Worse, Kavcic does not look for any relief in the short term either, noting, “We’re probably going to be in this soft type of environment for a couple of years going forward.” Another report noted that the condominium market for the greater Toronto area is down 30% against this time last year, and even when there were buys, they were less expensive than they were. The current average price paid was $678,048, down 6.8% against this time in 2024, and down 16.5% against the peak in 2022.
Worse News: Not Just Condos
As it turns out, the problem is not just a general slump in condos. It seems to be the entire real estate market taking the hits on this one. The Canadian Real Estate Association revealed that home sales were down 10% across the board last month. All told, 44,300 residential properties were purchased throughout Canada, against 49,135 in April 2024.
The reason seems to be the standard one: a combination of a worsening economy coupled with the tariffs is putting the brakes on people’s interest in buying a home.
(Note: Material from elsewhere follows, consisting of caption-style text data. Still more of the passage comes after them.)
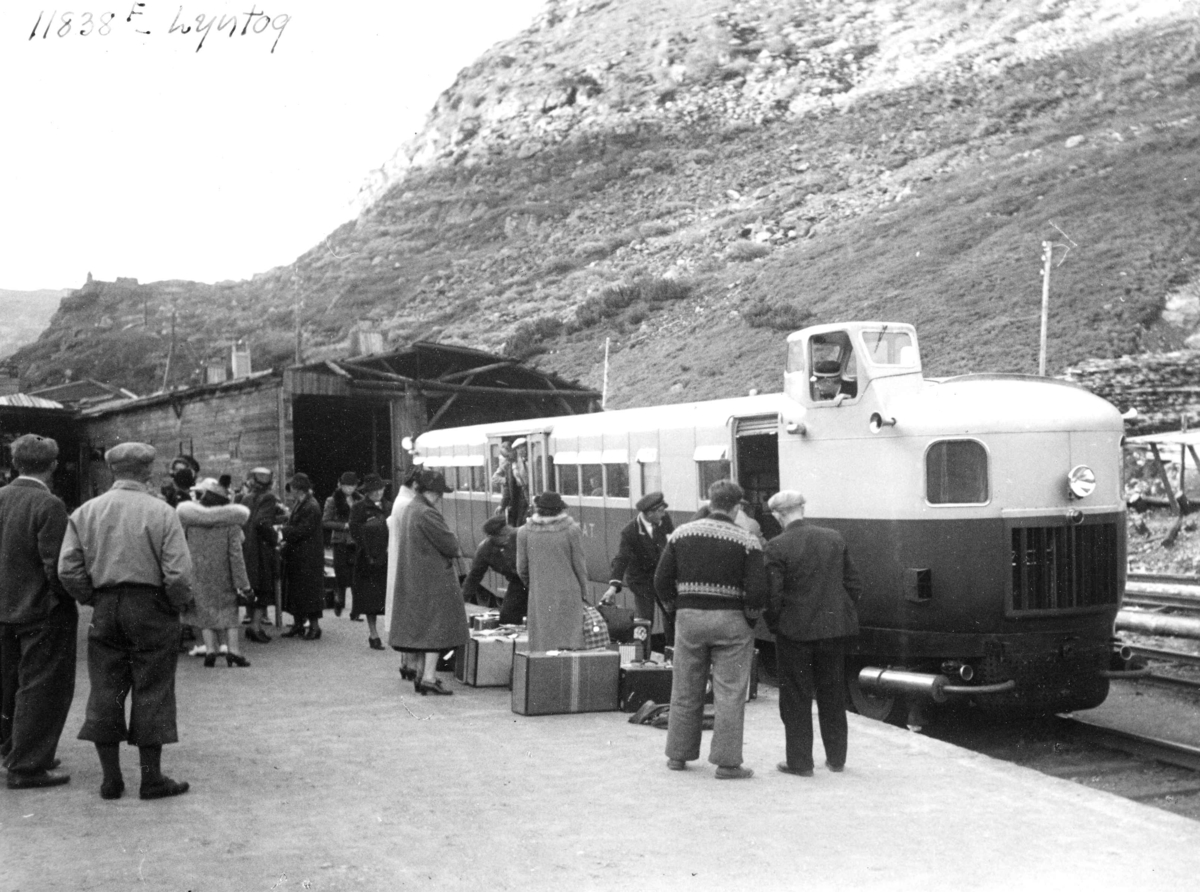 Anders Beer Wilse, Tog, Myrdal stasjon.
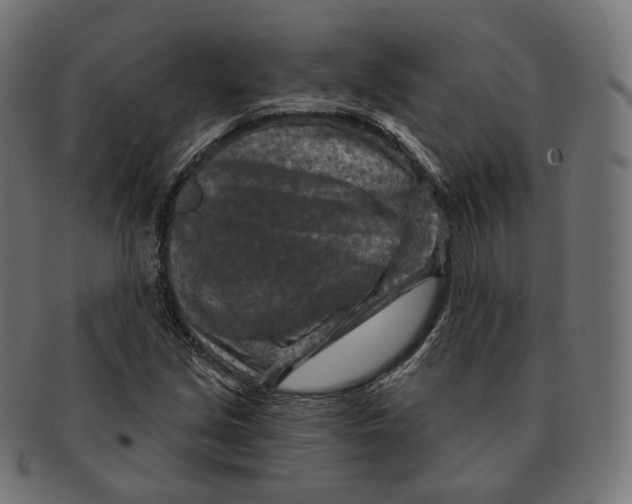 X0000091721213200709210954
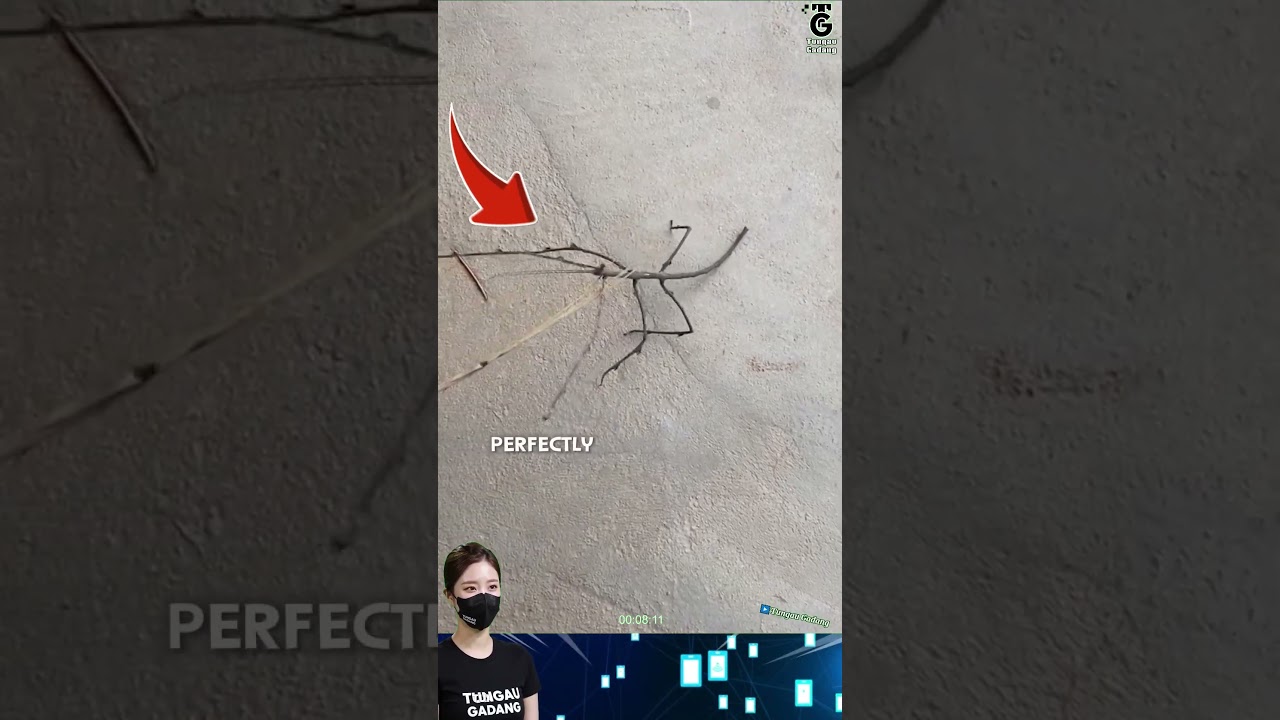 Невероятное насекомое-палочник: мастер маскировки в природе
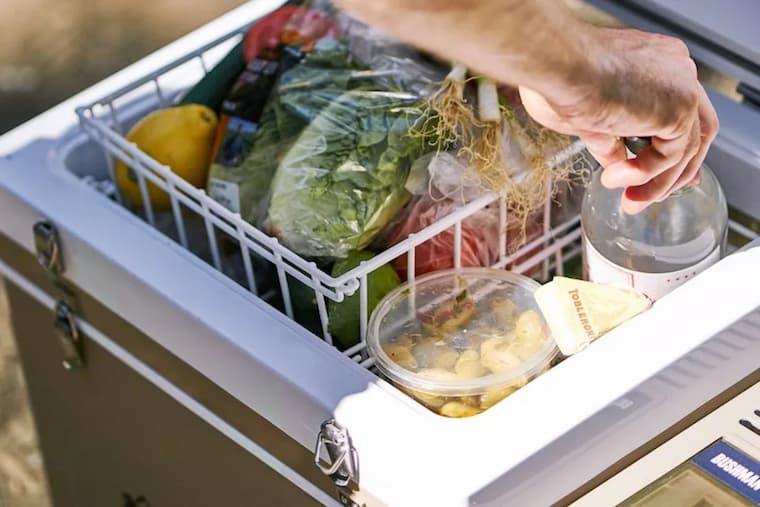 Portable camping fridge with fresh fruits and vegetables in it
That means sellers are outnumbering buyers and putting weigh on prices accordingly. New listings are also starting to decline, suggesting that sellers are reading the writing on the walls that will not sell anyway.
Is the iShares S&P / TSX Capped REIT Index ETF a Good Buy Right Now?
Turning to Wall Street, analysts have a Moderate Buy consensus rating on TSE:XRE shares based on 15 Buys and two Holds assigned in the past three months, as indicated by the graphic below. After a 0.33% rally in its share price over the past year, the average TSE:XRE price target of C$17.39 per share implies 14.49% upside potential.